Problem description – Will you write out the data exactly, excluding every picture?

Study material –
- Opening Delimiter -
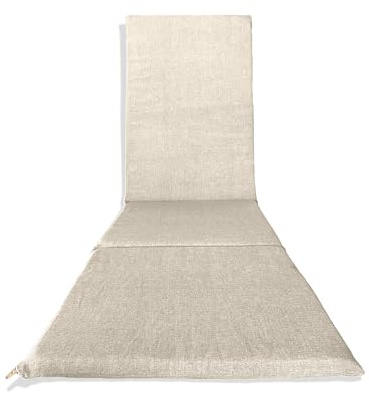 Il Tuo Artigiano Design Cuscino Imbottito per Sdraio in Legno 165x50x3,5 cm Made in Italy - Ricambio cuscino sedia Sdraio Tinta Unita (Avorio)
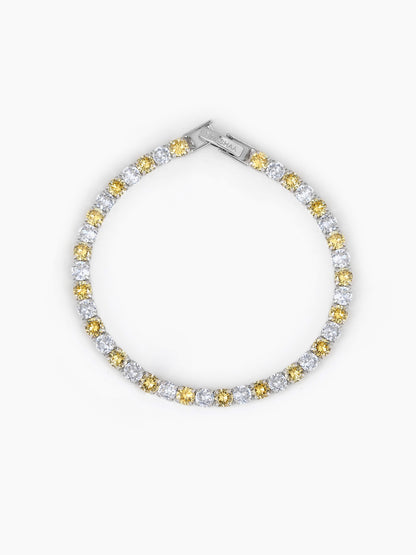 Nayelle Diamond Tennis Women's Bracelet Yellow - White - Silver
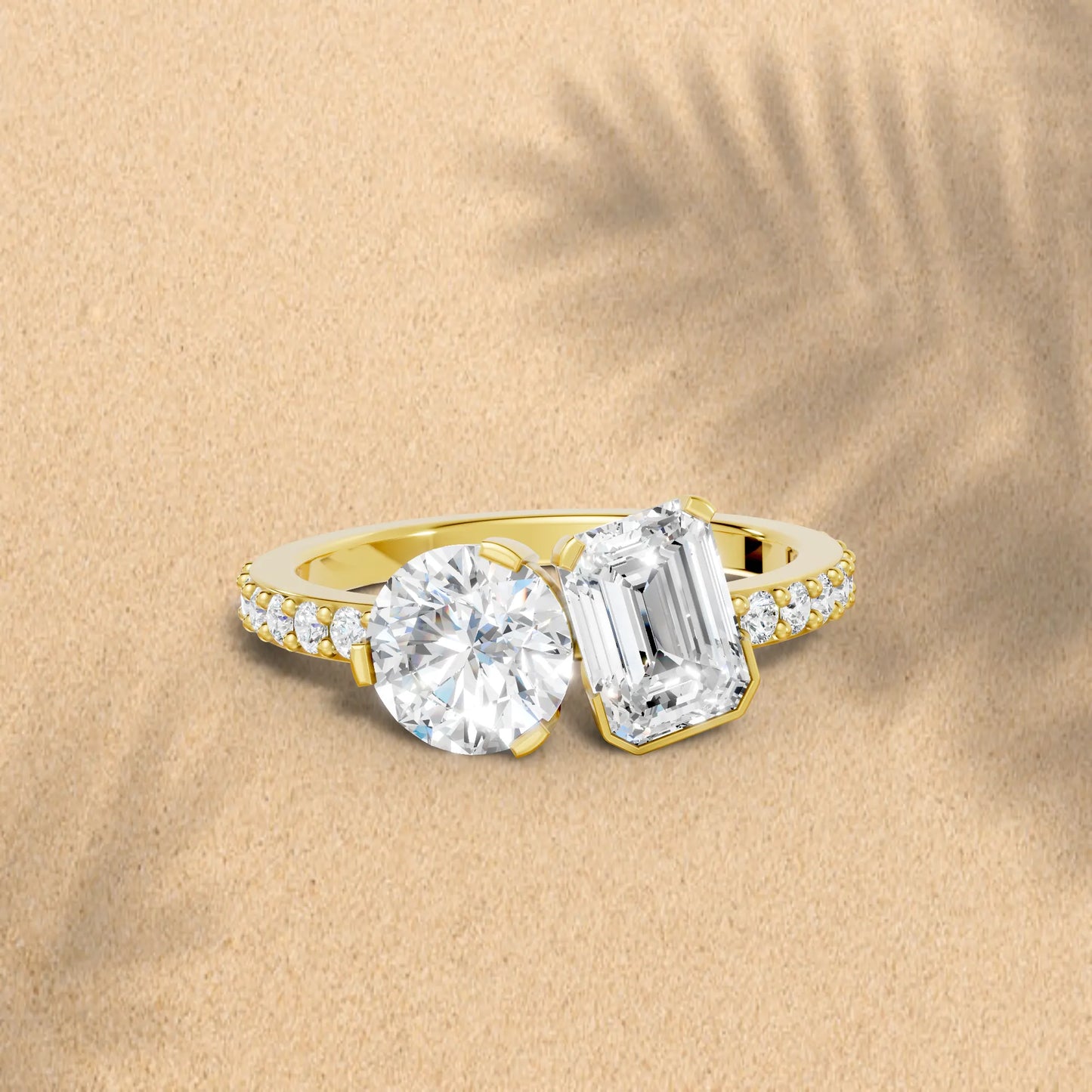 14K Gold Round and Emerald Cut Diamond Toi et Moi Engagement Ring with Side Accents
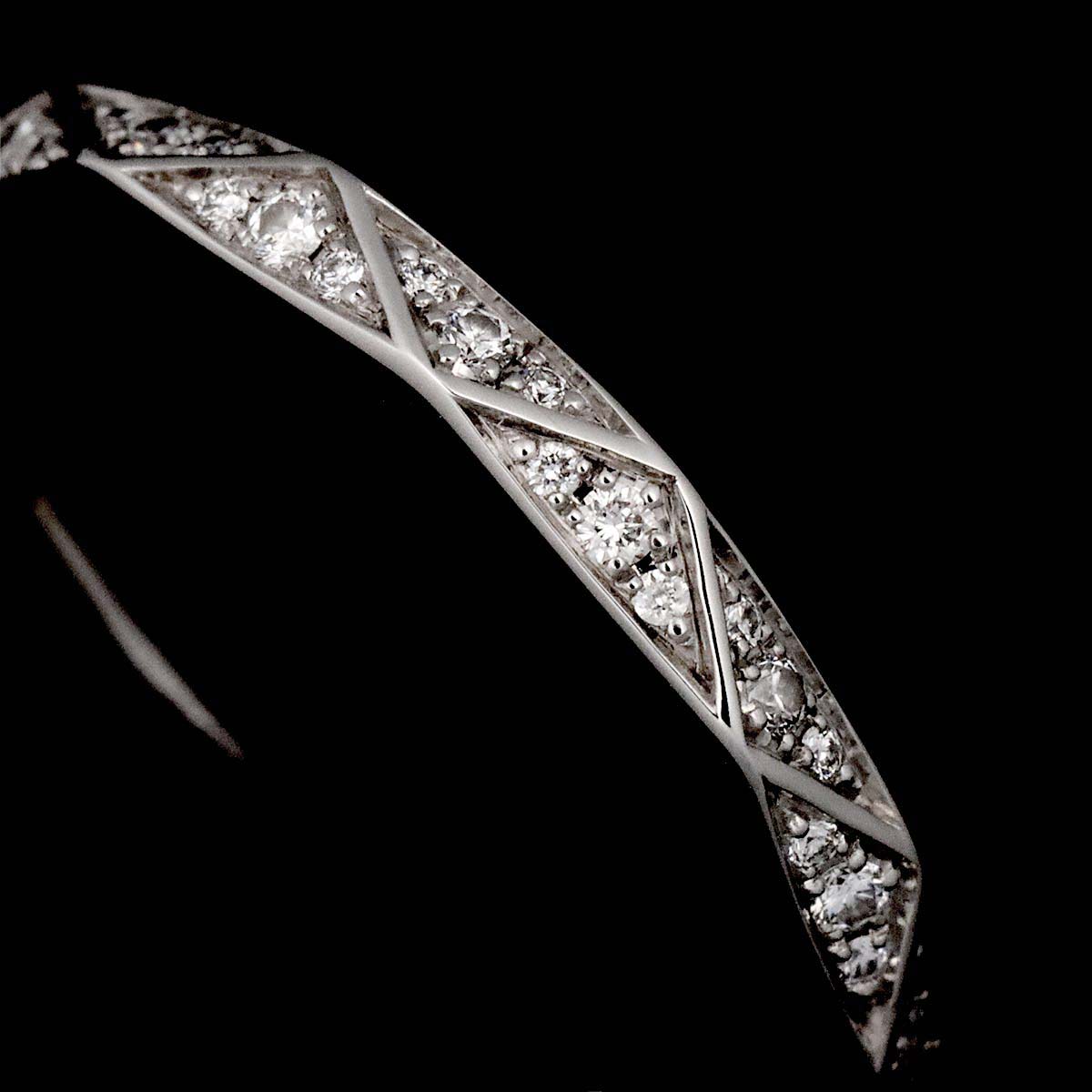 GRAFF Full Pave Diamond Ring 18K WG 750 size4.5(US)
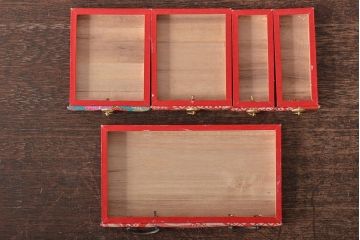 アンティーク　昭和初期　ミニチュア古布箪笥(ちりめん雛道具人形)(R-044320)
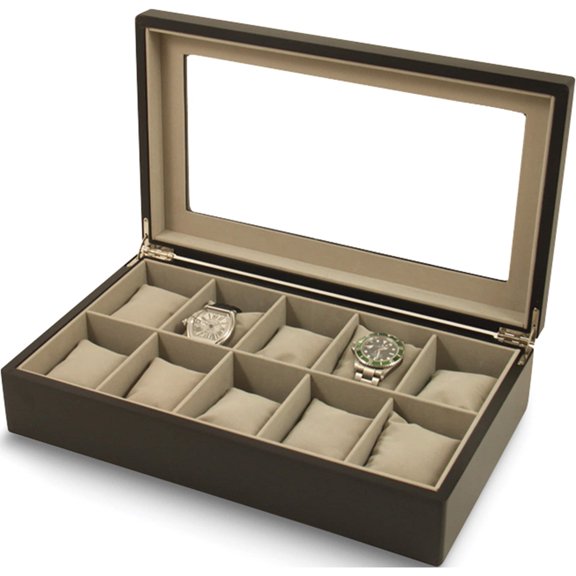 Fashion Matte Black Wood 10 Watch Box With Glass Top (14.25 X 8.5) Made In China gm13153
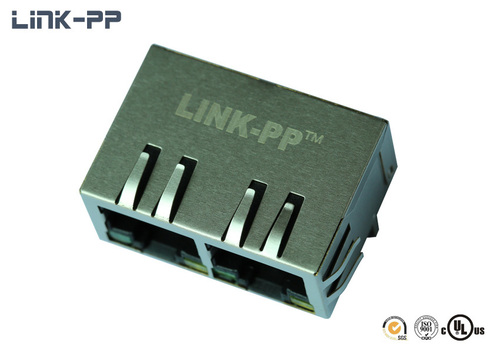 1X2 port 10 /100Base-T tab-down SI-60083-F RJ45 connector with leds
- Closing Delimiter -
Your response –
 Il Tuo Artigiano Design Cuscino Imbottito per Sdraio in Legno 165x50x3,5 cm Made in Italy - Ricambio cuscino sedia Sdraio Tinta Unita (Avorio)
 Nayelle Diamond Tennis Women's Bracelet Yellow - White - Silver
 14K Gold Round and Emerald Cut Diamond Toi et Moi Engagement Ring with Side Accents
 GRAFF Full Pave Diamond Ring 18K WG 750 size4.5(US)
 アンティーク　昭和初期　ミニチュア古布箪笥(ちりめん雛道具人形)(R-044320)
 Fashion Matte Black Wood 10 Watch Box With Glass Top (14.25 X 8.5) Made In China gm13153
 1X2 port 10 /100Base-T tab-down SI-60083-F RJ45 connector with leds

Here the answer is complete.